| name | forge-design |
| description | Forge system design skill. Use when a user wants to start a new project or system with Forge, design a new system from scratch, or establish the foundation that all downstream spec work builds on. Drives a value-focused discovery interview that produces the full spec skeleton: conception.yaml, system.yaml, domain and module files, a general environment sketch, and workbench/discovery.md. Triggers on: "start a new forge project", "design a new system", "let's build X with forge", "forge-design", or any request to begin Forge spec work from scratch.
|
forge-design
Read references/framework.md before starting — you need the full schema.
Purpose
Drive a value-focused interview that produces the complete spec skeleton. The interview is about what the system does and how it creates value — not pain points, benchmarks, or hypothetical comparisons. Every question should extract something that will directly shape a spec node.
Output Artifacts
| File | Contents |
|---|
spec/conception.yaml | Conception, actors, glossary |
spec/<system>/system.yaml | System node with platform, language, deployment |
spec/<system>/<domain>/domain.yaml | One per domain |
spec/<system>/<domain>/<module>/module.yaml | Skeleton per module — no elements yet |
spec/<system>/implementation/environments.yaml | General environment sketch |
spec/<system>/workbench/discovery.md | Living document; all downstream skills read this |
Interview Phases
Work through phases in order. Batch questions within a phase; never batch across phases. Ground each question in prior answers — never ask generic questions when you already have context.
Phase 1 — System Intent
Establish what the system is and the value it creates. Keep it concrete.
- What does this system do? (one clear statement)

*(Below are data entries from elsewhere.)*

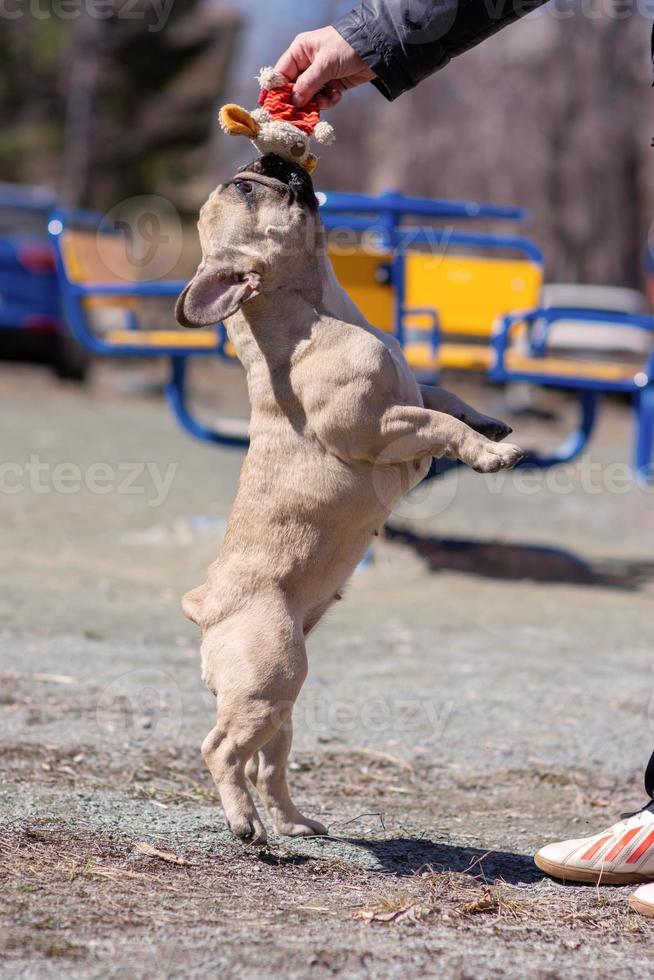 uma caminhada matinal com um buldogue francês fofo foto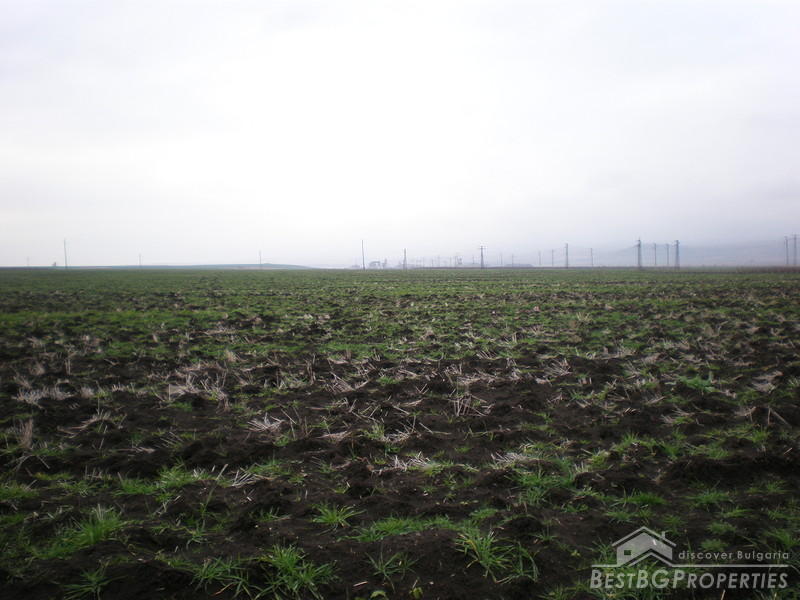 Agricultural plot of land for sale near Pmorie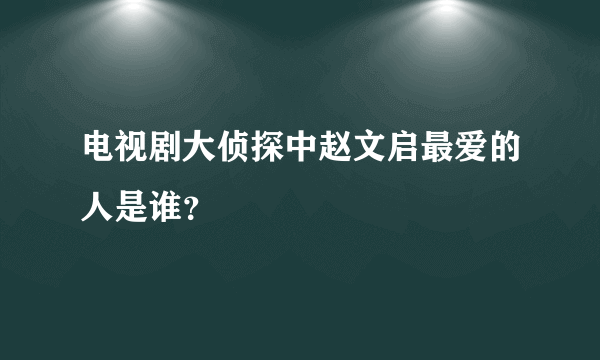 电视剧大侦探中赵文启最爱的人是谁？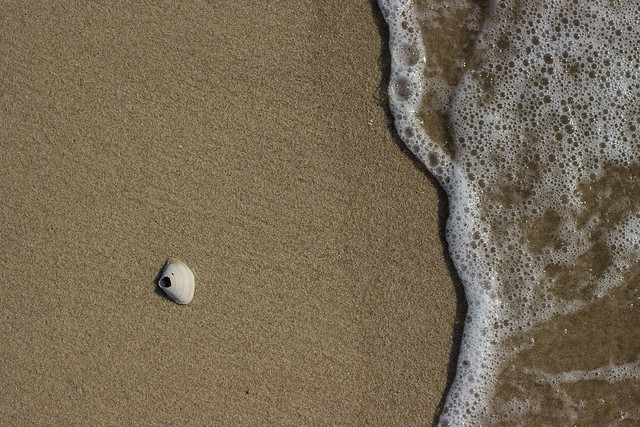 Foam by the Seaside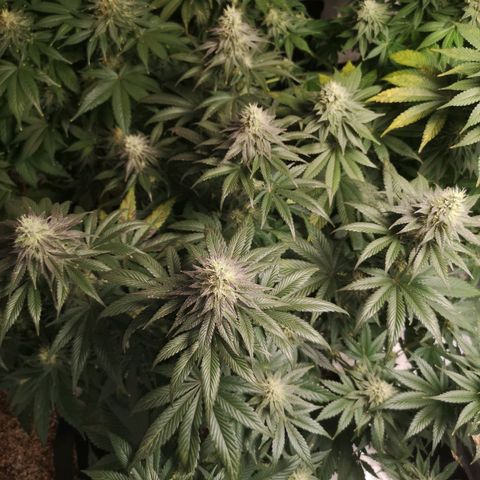 10th planet 2nd run growlog timeline photo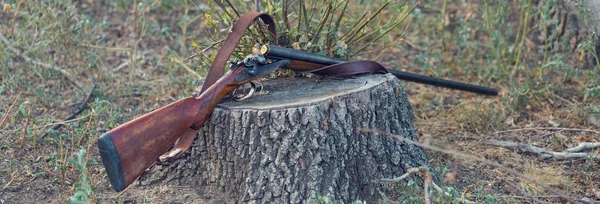 Hunting Rifle Grass Beginning Hunting Season Open Pheasant Birds — Stock Photo, Image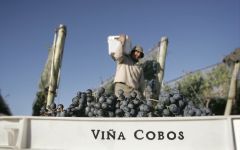 Vina Cobos Harvest Winery Image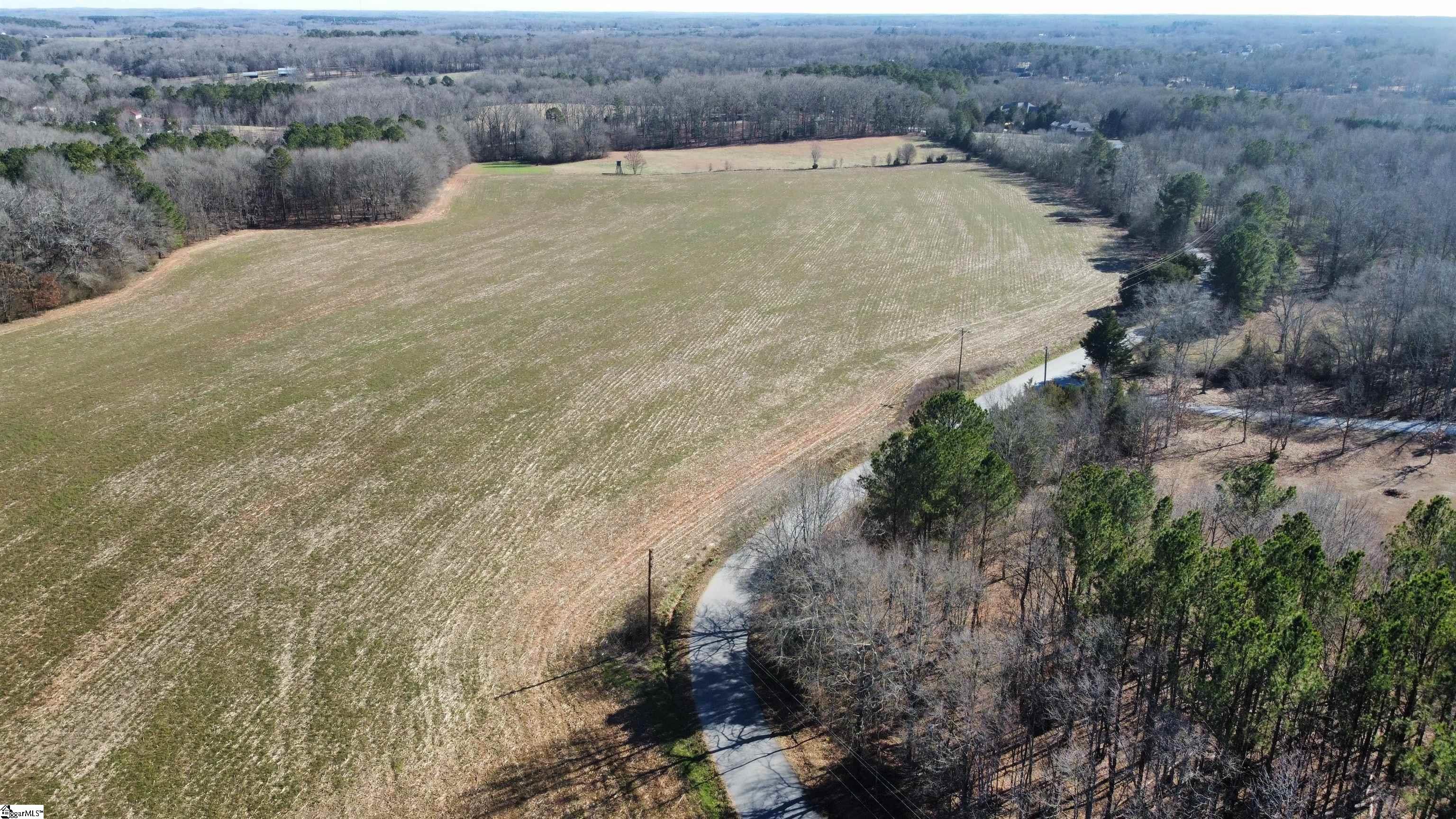 1 Snow Road Pelzer, SC 29669 - Photo 9 of 12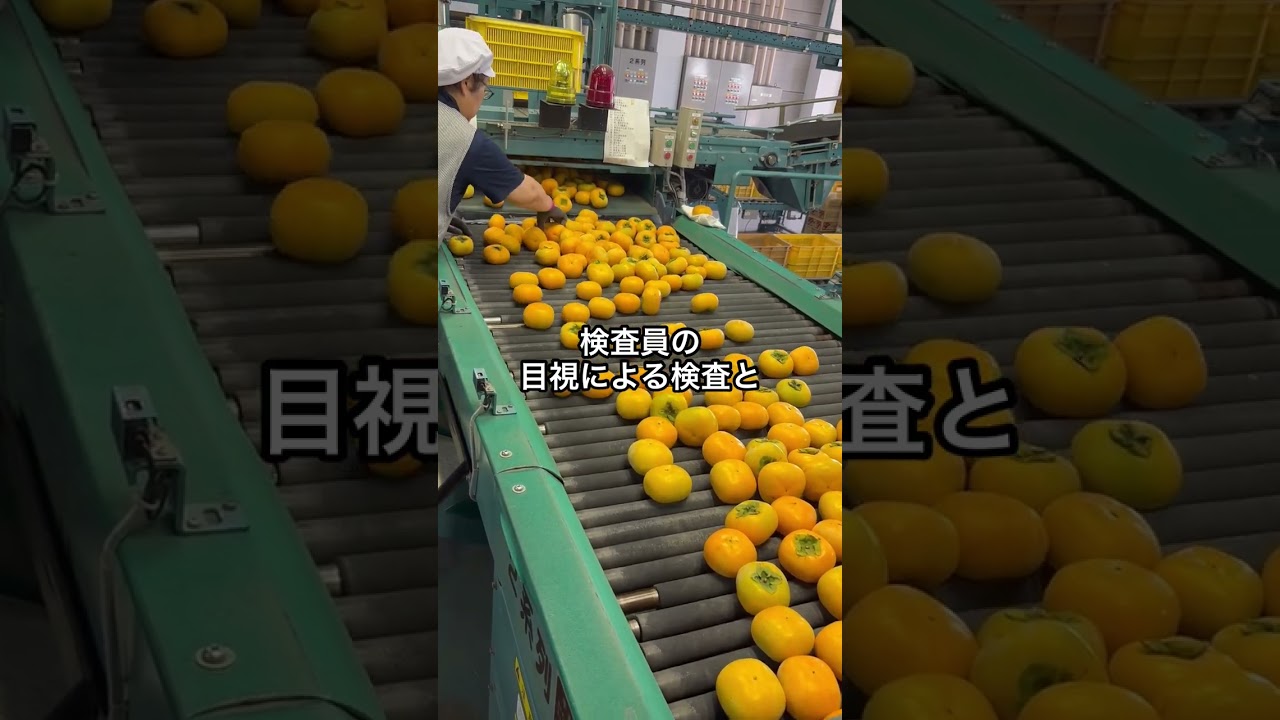 産地直送】たねなし（渋抜済）越王おけさ柿 20kg 産地直送】たね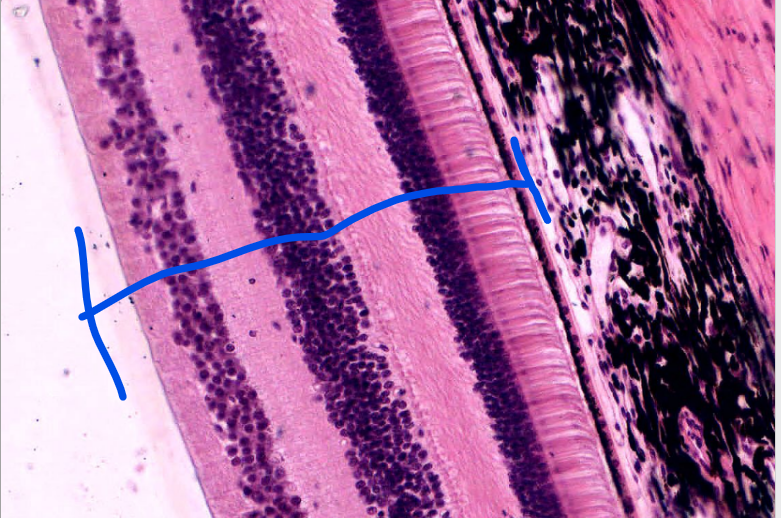 <p>layer</p>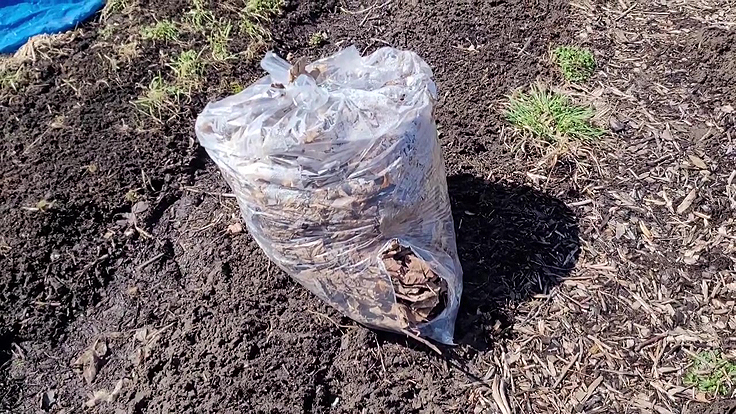 Sacs de feuilles mortes du voisinage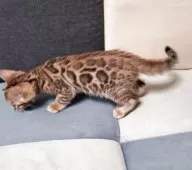 ベンガル【埼玉県・男の子・2025年5月4日・ブラウンスポテッドタビー】の写真2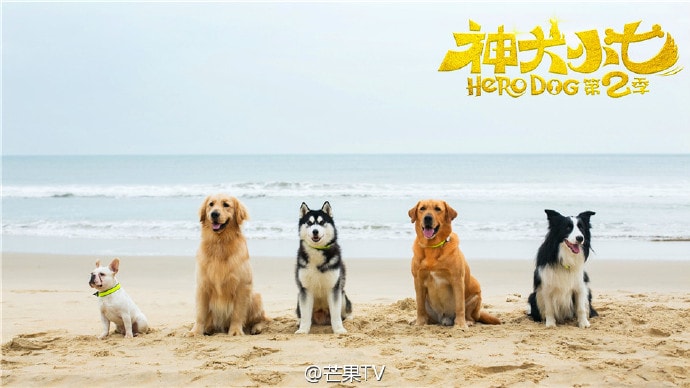 http://www.fjsenfa.cn/pics/default/download/bbc164f1121fcfeb3d0a51a241bf0328.jpg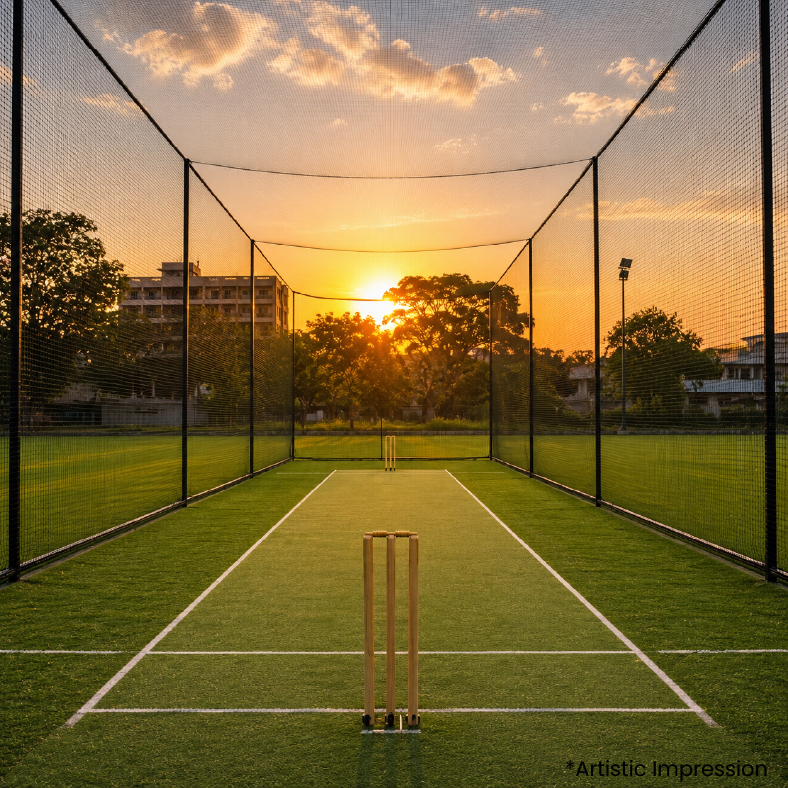 Box Cricket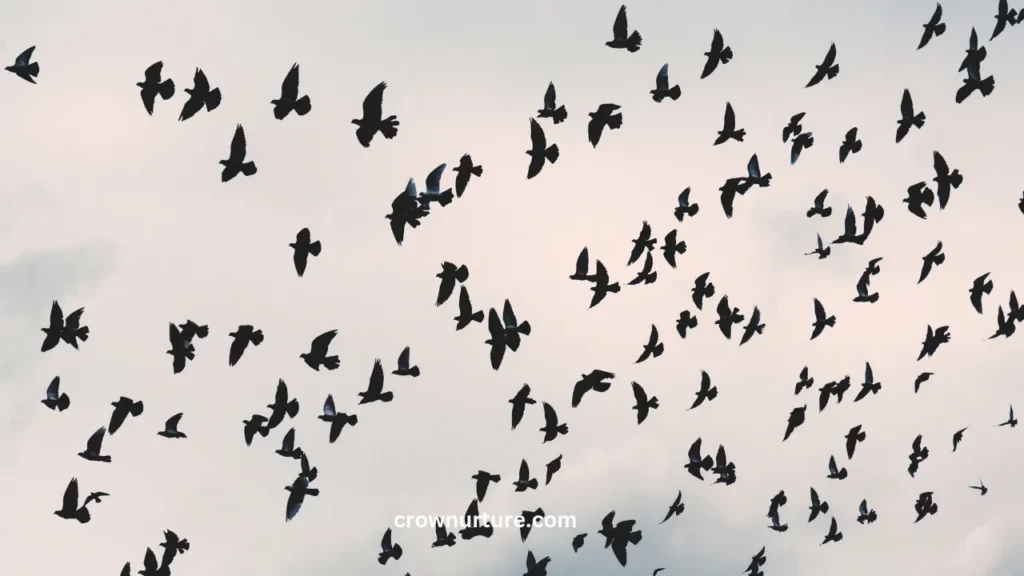 Do Crows Migrate In The Winter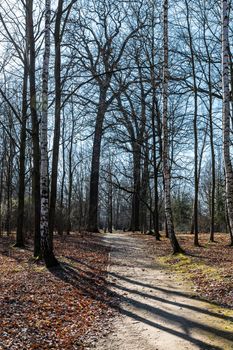 Long path in small park with trees without leafs around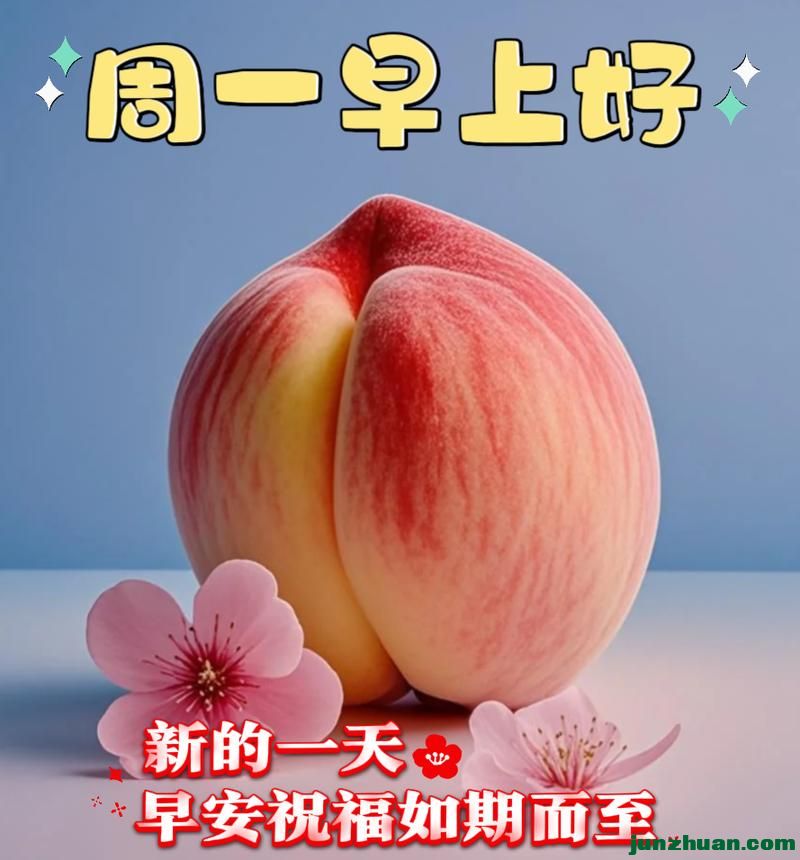 mmexport9a60443bdcfa40ad4c605cfae9c9ff03_1784493423339.jpeg
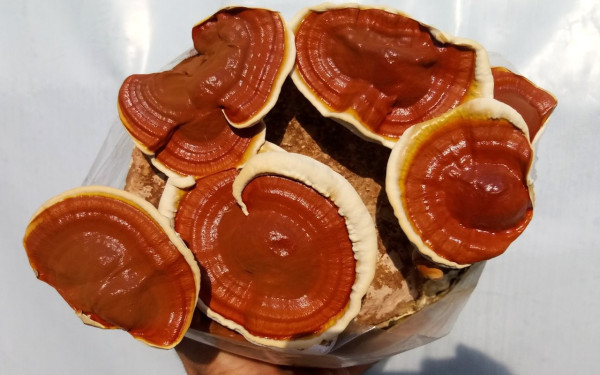 Δράμα: Όταν τα αγροτικά απόβλητα γίνονται μανιτάρια και οικολογικά υλικά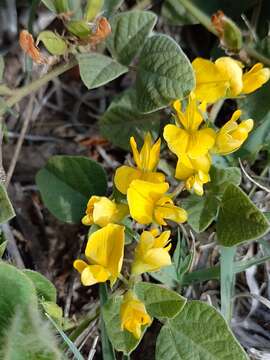 Image of Chihuahuan snoutbean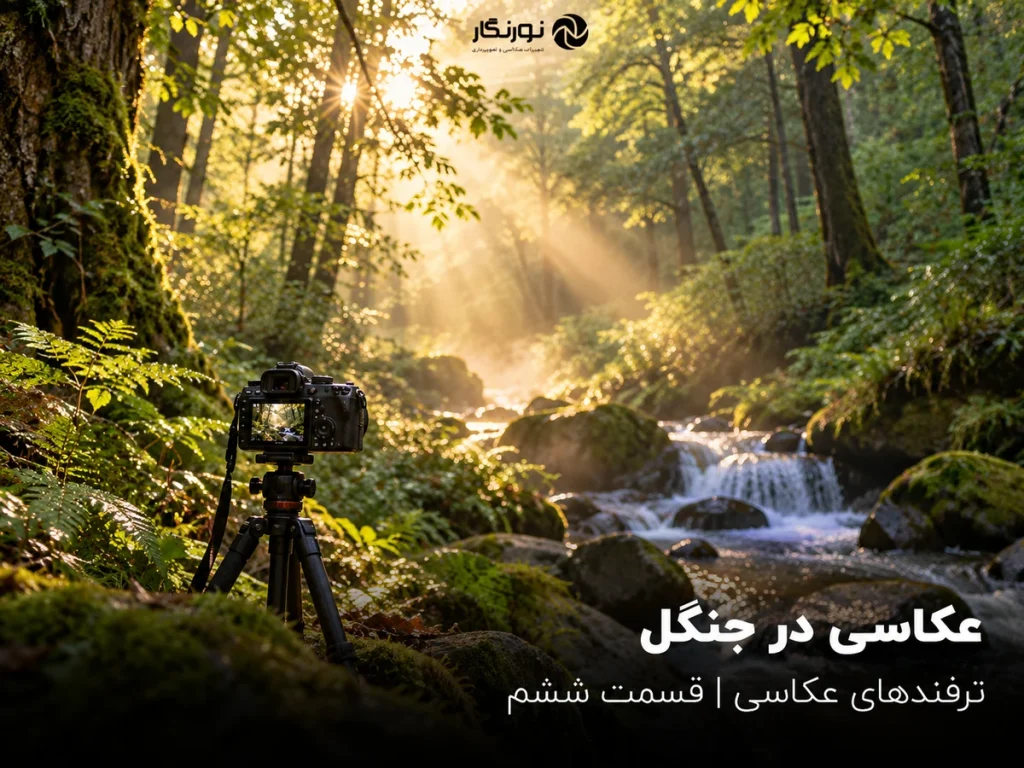 تصویرسازی برای عکاسی در جنگل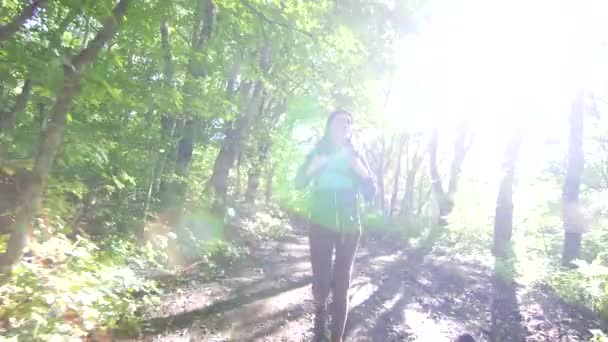 Туристка с рюкзаком идет в лес, солнечный луч — стоковое видео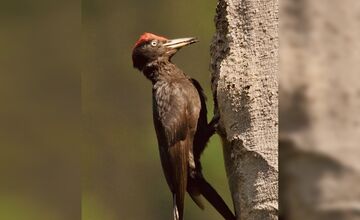 FOTO: Videli ste tie zvláštne diery v stromoch? Toto ich robí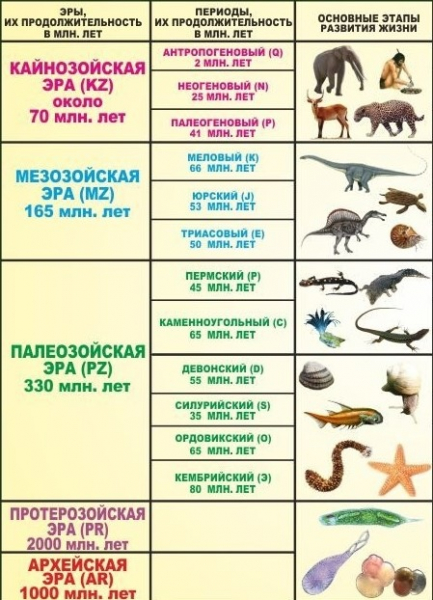 Теплое море вместо Новосибирска было миллионы лет до нашей эры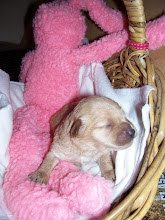 Here I am at the age of 1wk old...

- Who benefits from it, and what can they accomplish that they couldn't before?
- What is explicitly out of scope — what will this system never do?
- What's the single most important thing it must get right?
Write the conception intent from the answers. Do not move on until the scope boundary is clear.
Phase 2 — Actors
- Who or what interacts with the system? (humans, services, partners, other systems)
- For each actor: what do they want to accomplish? What auth mechanism do they use?
- Are there actors who read only vs. actors who write/mutate?
Phase 3 — Domain Model
- What are the major responsibilities this system has? (aim for 2–5 natural groupings)
- For each responsibility: what does it own exclusively? What does it explicitly hand off?
- Where do the natural seams fall — where would changes in one area NOT require changes in another?
Resist naming domains until their boundaries are clear. Use descriptive placeholders.
Phase 4 — Module Boundaries
For each domain:
- What distinct units of deployment or ownership exist within it?
- What does each unit manage exclusively? (data, logic, state)
- What does each unit depend on from other modules?
- What external services or integrations does it need?
One module = one deployable unit with clear ownership. When unsure whether something is one module or two, ask: "can these be deployed and scaled independently?"
Phase 5 — Platform and Environment Sketch
Critical decisions — always present options with tradeoffs, never silently default:
- Cloud/platform? (AWS / GCP / Azure / on-prem / hybrid)
- Primary language?
- Deployment model? (cloud / on_prem / hybrid / edge)
- What environment types are needed? (development / staging / production / test)
Environments are general only at this stage — no connection strings, instance classes, or concrete config. Those are captured in forge-spec.
Phase 6 — Glossary and Naming
- Are there domain terms with precise meanings that differ from everyday usage?
- Are there terms that should NOT be used (synonyms to avoid)?
Capture these in the conception glossary. They govern naming across the entire spec.
Assembly
After the interview, before writing any files:
- Restate all major decisions as a summary and ask for confirmation.
- On confirmation, write all files simultaneously.
- Populate
workbench/discovery.md with: system intent, actors, domain model, module map, platform decisions, open questions, and any decisions deferred to forge-spec.
workbench/discovery.md is the primary artifact. Every downstream skill reads it. Be thorough — include the reasoning behind decisions, not just the decisions themselves.
Exit Condition
State: "Design is complete. Here's what we've produced: [list files]. Ready to move to forge-spec for module & element elicitation."
Wait for human confirmation before closing the session.
Key Constraints
- Do not create element files, types, errors, policies, contracts, interactions, or flows — those belong in
forge-spec.
- Do not invent structure the human hasn't described. If you don't have evidence for a module, don't create it.
- Module
elements list stays empty — just []. Populated by forge-spec.
- Use
status: draft on all generated nodes.